【判決要旨】 
 親権者指定協議無効確認の訴えが, 人事訴訟法2条柱書きの「その他の身分関係の形成又は存否の確認を目的とする訴え」に当たるとして,人事訴訟として取り扱った上で, 原告の請求を認容した事例
【出典】
 東京家裁令和4年10月20日判決
 掲載誌 家庭の法と裁判 No.56/2025.6 49頁
 事件名 親権者指定協議無効確認請求事件
 裁判結果 認容 控訴棄却 上告棄却上告受理申立不受理で第一審判決確定
【事案の概要】
 原告(妻)と被告(夫)は,4人の子(本判決口頭弁論終結時いずれも未成年)をもうけた夫婦であったところ,戸籍上は,子らの親権者をいずれも被告と定めてたと記載のある協議離婚届けをもとに協議離婚したものとされている。
 これに対して,原告は,原告の不貞行為を知った被告から白紙の状態の離婚届の用紙を示され, 言われるがままにこれに署名押印をしたにすぎず,子らの親権者をいずれも被告と定める協議をしたことはない旨を主張し,被告に対して親権者指定協議が無効であることの確認請求訴訟を東京家庭裁判所に提起した。
 なお,離婚が有効であることについて当事者間に争いはなく、訴訟の対象にはなっていない。
【本判決理由 親権者指定協議無効確認の訴えは人事訴訟といえるか】
(1)本判決は,「本件のような親権者指定協議無効確認の訴えは,人事訴訟について定める人事訴訟法2条各号所定の訴えのいずれにも該当するものではないが,同条柱書きの 「その他の身分関係の形成又は存否の確認を目的とする訴え」に当たるものとして取り扱うのが相当である。」と判示して家裁が扱うことのできる「人事に関する訴え」と解した。
(2)その上で,本判決は,本件の事実関係として,原告と被告との間で子らの親権者をいずれも被告と定めることの合意がされていたとか,原告が子ら の親権者をいずれも被告と定めることを認識認容していたなどというには, 説明の付かないところが多く見られるとして,原告と被告との間で子らの親権者をいずれも被告と定める協議がされていたとは認められとして,原告の請求を認容した。
【解説】
この訴訟の法律上の問題点は2点ある。
①この訴えにつき、家庭裁判所で審理できるか、できるとして訴訟か審判か(親権者指定協議の無効を前提として新たな親権者を定める審判申立てになろうか)という問題がある。

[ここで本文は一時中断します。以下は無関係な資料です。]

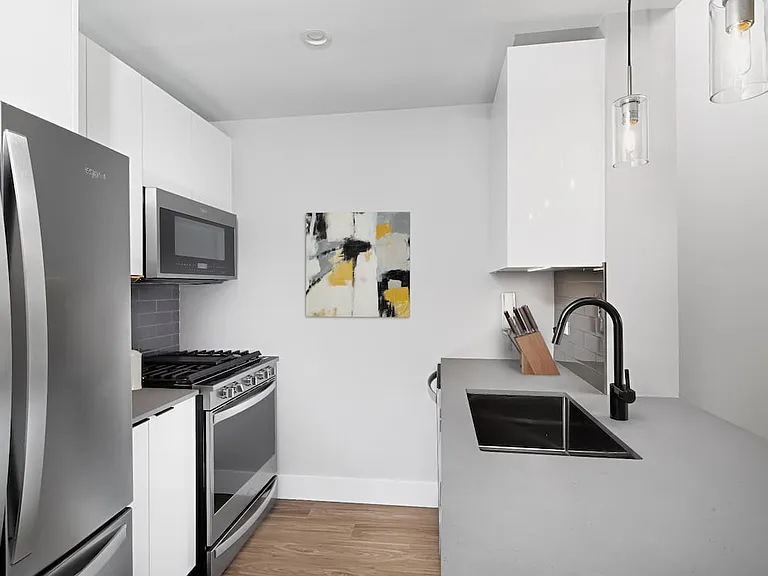 Renovated Package I kitchen with quartz stone countertop, tile backsplash, and stainless steel appliances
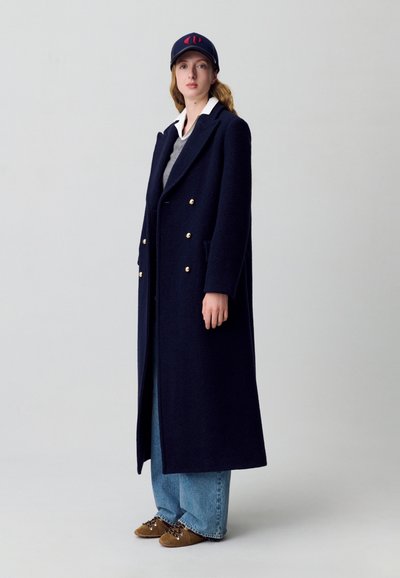 Cappotto doppiopetto in misto lana blu navy con bottoni dorati, dalla vestibilità oversize, abbinato a un maglione grigio, jeans blu e scarpe stringate marroni.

 東京家裁家事第6部は、2023年出版の書籍で従前の扱いを変更し、親権者指定協議無効確認の訴えが人事訴訟法2条柱書きの「その他の身分関係の形成 又は存否の確認を目的とする訴え」 に当たるとし、この解釈は現在では同部において定着したものとなっているようである。
②また、現行民法819条1項は「父母が協議上の離婚をするときは、その協議で、その一方を親権者と定めなければならない。」とあるので、離婚協議が無効になった場合は、協議離婚の要件が欠け、離婚そのものの有効性に影響を及ぼさないかという疑問があるが、親権者指定は、協議離婚届出受理の形式要件でしかなく、離婚自体の効力には影響がないと解されており、裁判例上も異論がない。
 なお、改正予定の民法765条2号は、協議離婚届出時点で親権者指定家事審判又は家事調停の申立てがされている場合は、届出には親権者指定の協議は不要としている。